# No sink pressure



## ChuckDiamond (May 29, 2006)

Since we have moved in the pressure on the kitchen sink for the cold water was very little. Today while messing while turning the on/off under the sink the hot lost pressure as well.

I have visually inspected everything under the sink and I don't see the problem.

No where else in the house is pressure a problem, just the kitchen sink, first cold and now both.

Any ideas on what I should inspect or ideas on what could be wrong.


----------



## Square Eye (May 29, 2006)

Trash in the lines. 

Crushed washers in the water stops or faucet.

I ain't no plumber, This is what I've had go wrong in my home though.


----------



## TxBuilder (Jun 5, 2006)

Also unscrew the screen and check for dirt there.


----------



## glennjanie (Jun 5, 2006)

Hi Chuck:
They are both correct.
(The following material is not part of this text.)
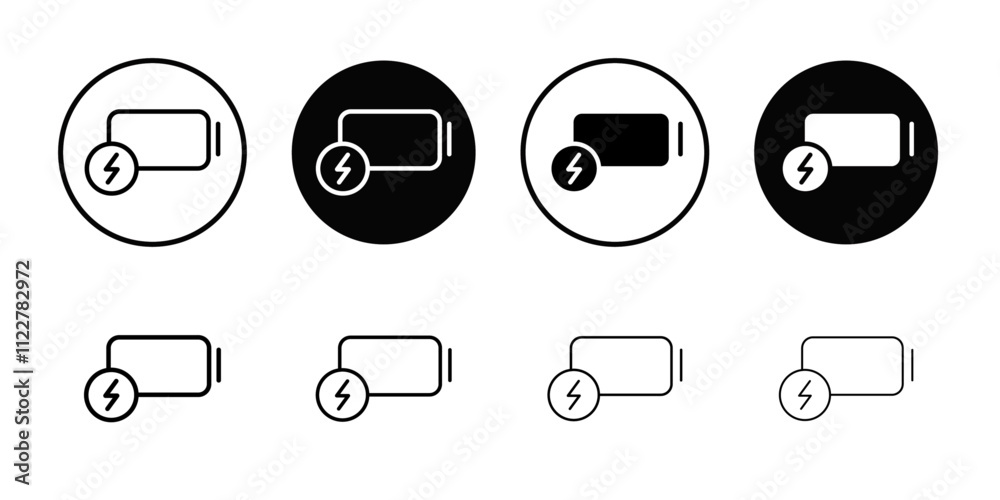 Poster charging battery icon outline vector for web ui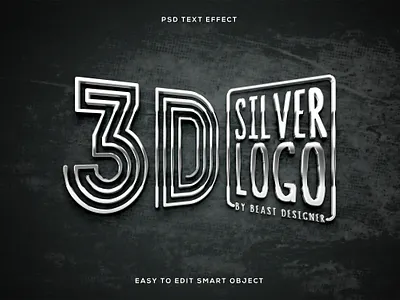Editable 3D Silver Logo Mockup Text Effect PHOTOSHOP elegant silver logo.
The neoprene wasers in your stops under the sink will disenergrate and the stops are made so cheap about all you can do is replace both of them. Also, when those washers disentergrated they went straight to the water flow limiter (the screen on your faucet) and stopped it up. So, You may need to turn the water off at your main valve or at the water meter and change out the stops under the sink, remove the screen and the plastic piece above it (make sure you don't lose the gasket),pay particular attention to the order of things in the screen assembly so you put them back in the same order. After you remove the screen and replace the stops turn your hot and cold water on for a minute to blow all the trash out before you replace the screen. There is a company that makes an all brass stop (no washers) that turns off in a quarter turn and will last the rest of my life. You won't find them at the big box store; it has to be a regular plumbing supply house.
Glenn


----------